- **Problem description**
Retype the entries below exactly, and keep every picture out of your version.

(Beginning of Information provided)

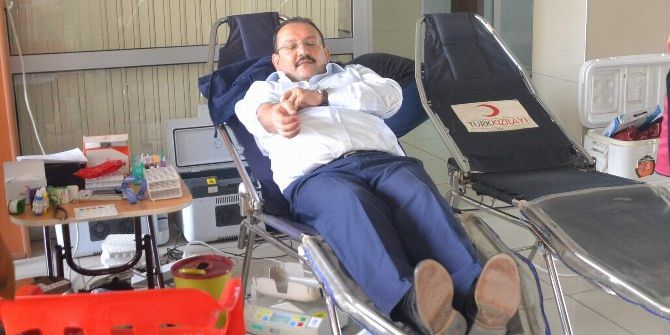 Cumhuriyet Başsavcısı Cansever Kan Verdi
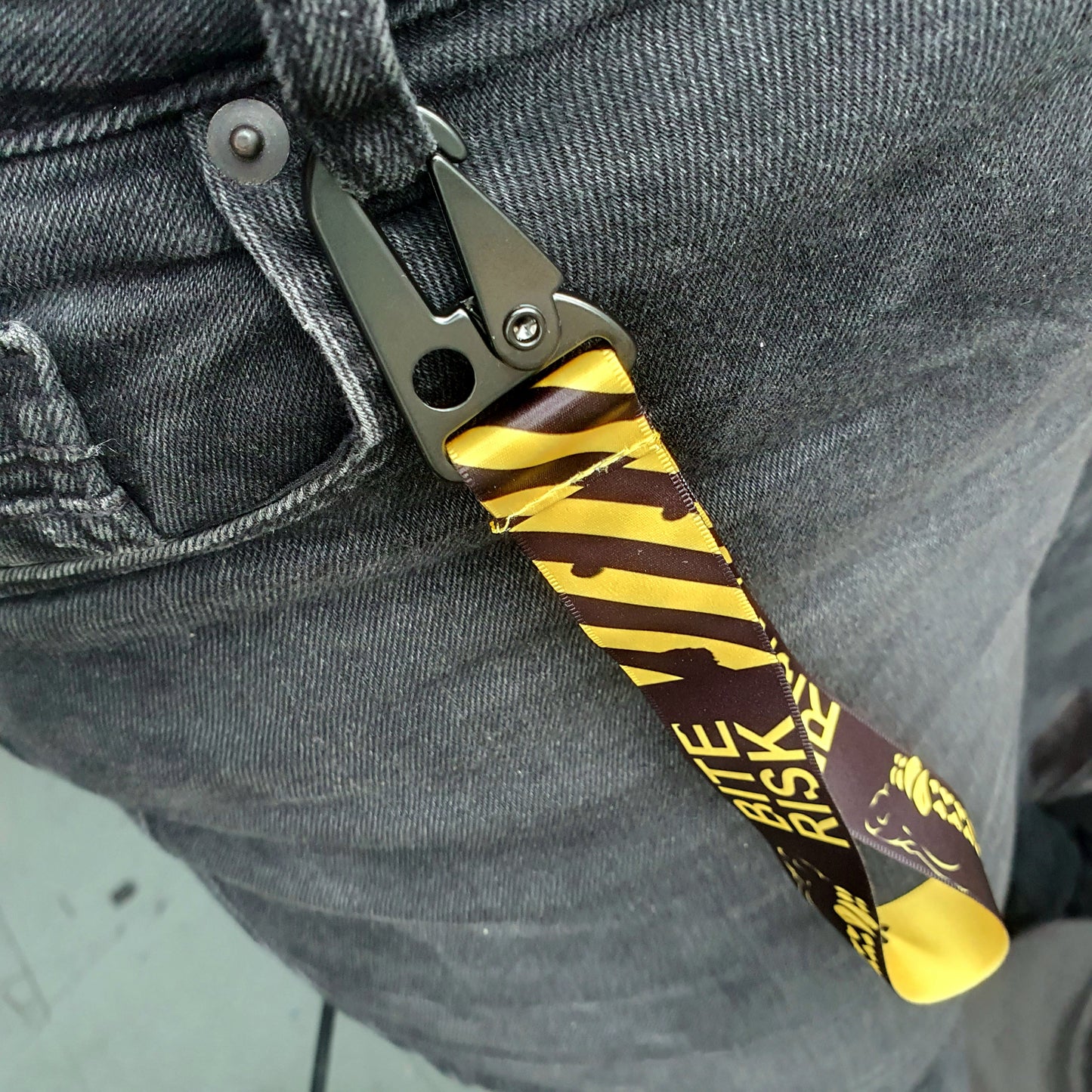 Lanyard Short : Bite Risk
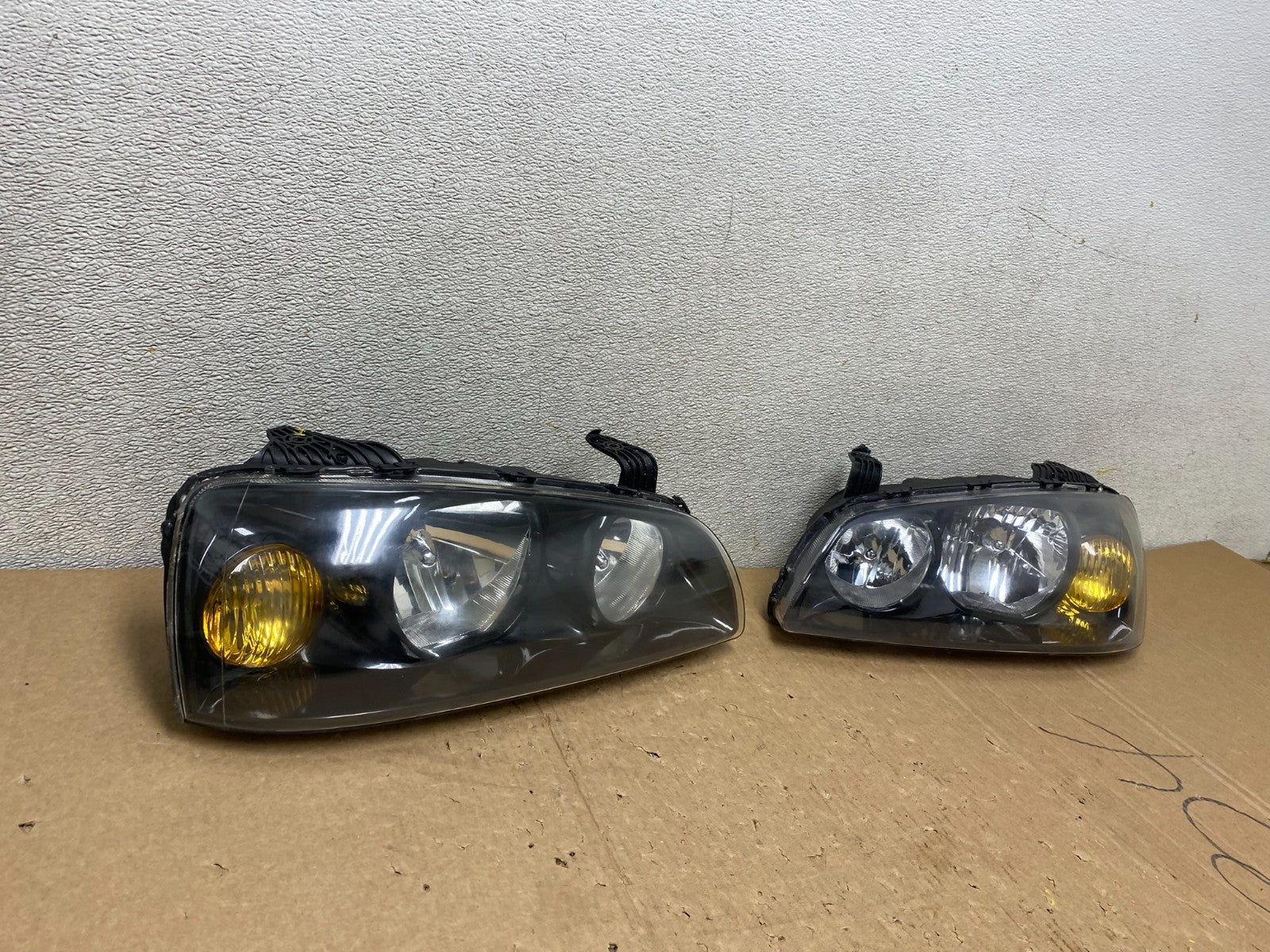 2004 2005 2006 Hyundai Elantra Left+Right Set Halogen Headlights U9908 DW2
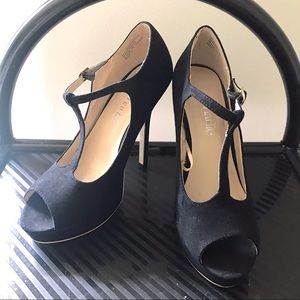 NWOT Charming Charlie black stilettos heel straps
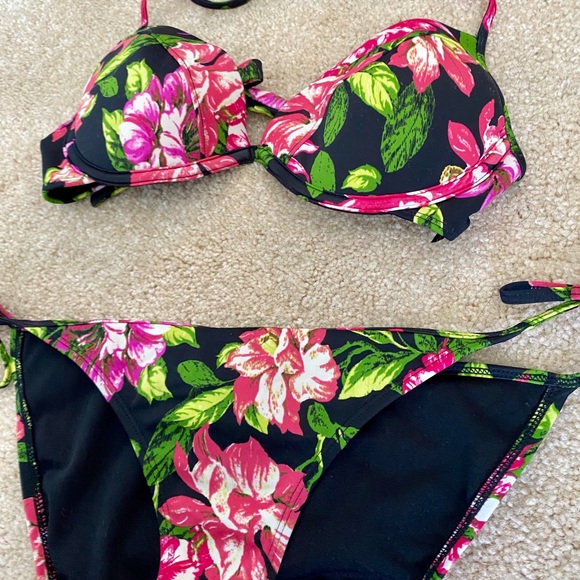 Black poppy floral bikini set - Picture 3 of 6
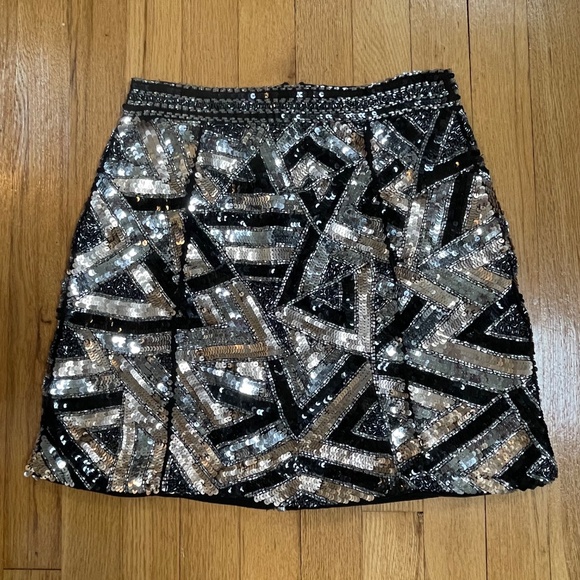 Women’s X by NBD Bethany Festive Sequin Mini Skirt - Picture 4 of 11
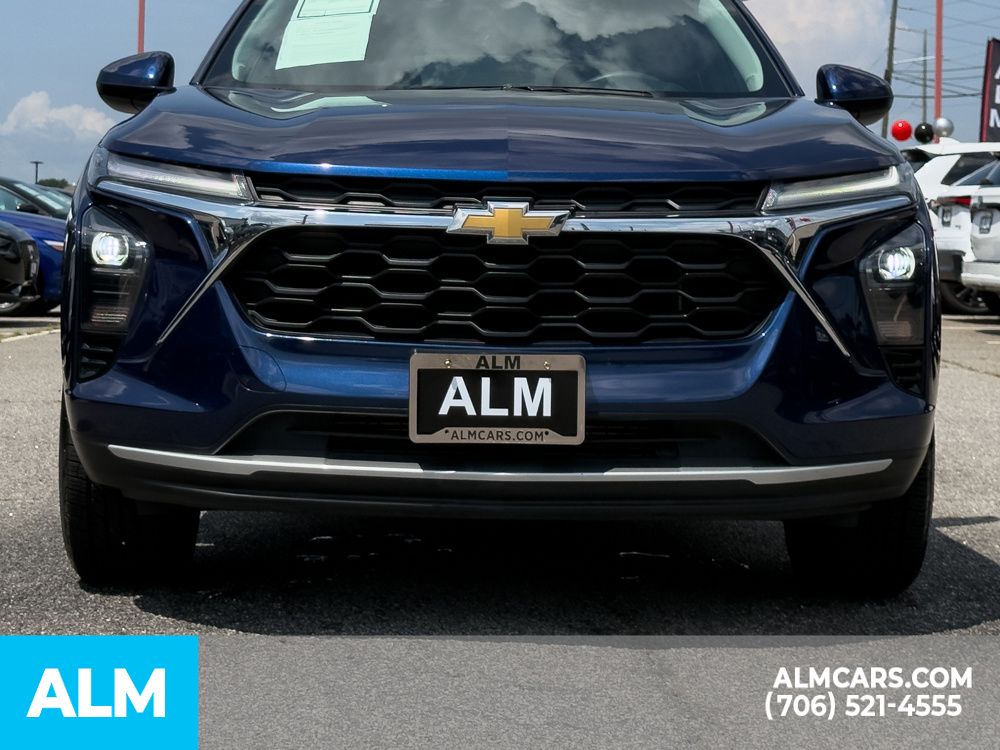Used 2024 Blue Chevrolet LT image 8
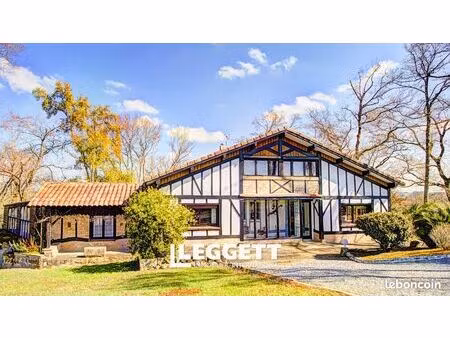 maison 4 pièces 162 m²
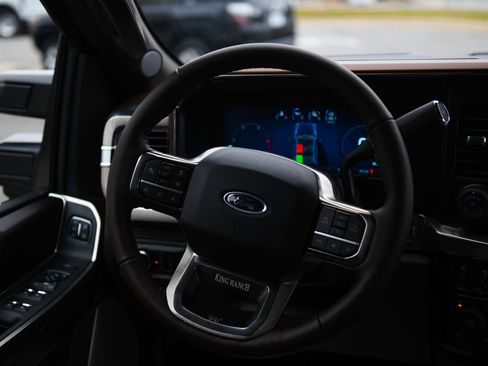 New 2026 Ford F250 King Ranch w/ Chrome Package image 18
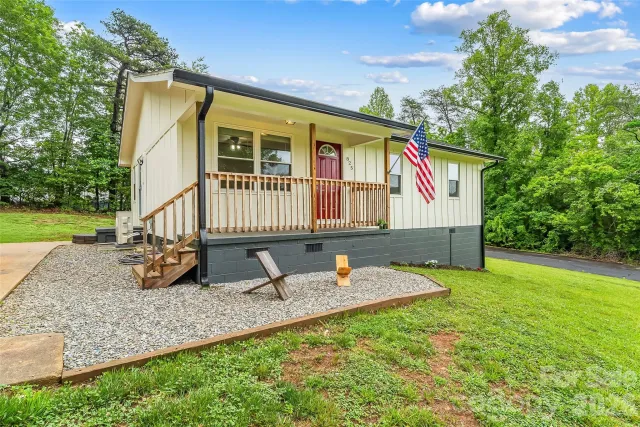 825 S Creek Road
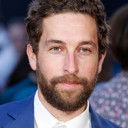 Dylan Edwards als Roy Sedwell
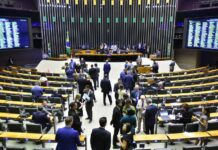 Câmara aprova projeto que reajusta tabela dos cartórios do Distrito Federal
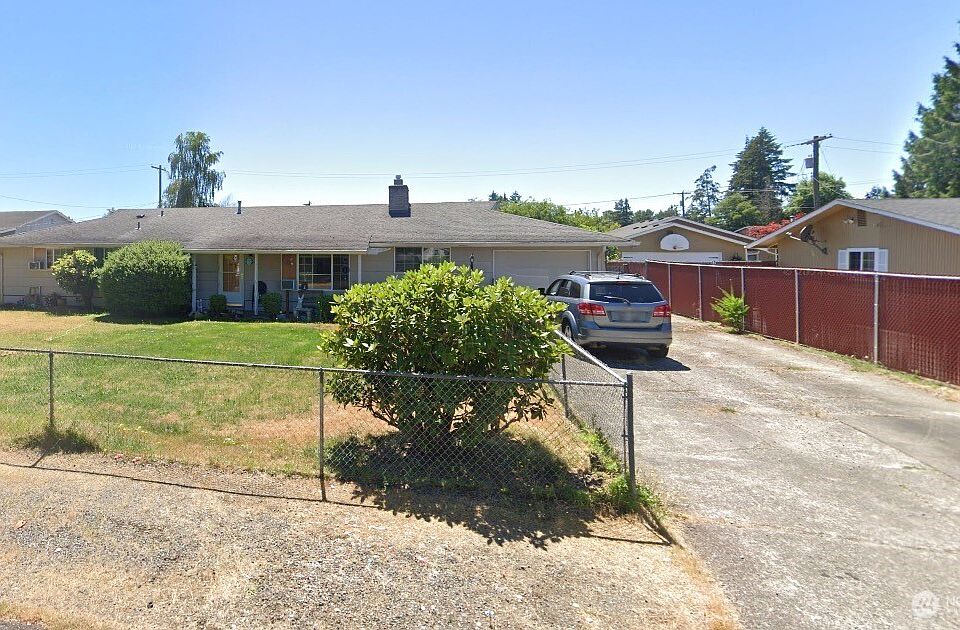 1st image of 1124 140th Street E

(End of Information provided)

- **Exercise solution**
 Cumhuriyet Başsavcısı Cansever Kan Verdi
 Lanyard Short : Bite Risk
 2004 2005 2006 Hyundai Elantra Left+Right Set Halogen Headlights U9908 DW2
 NWOT Charming Charlie black stilettos heel straps
 Black poppy floral bikini set - Picture 3 of 6
 Women’s X by NBD Bethany Festive Sequin Mini Skirt - Picture 4 of 11
Used 2024 Blue Chevrolet LT image 8
 maison 4 pièces 162 m²
 New 2026 Ford F250 King Ranch w/ Chrome Package image 18
 825 S Creek Road
 Dylan Edwards als Roy Sedwell
 Câmara aprova projeto que reajusta tabela dos cartórios do Distrito Federal
 1st image of 1124 140th Street E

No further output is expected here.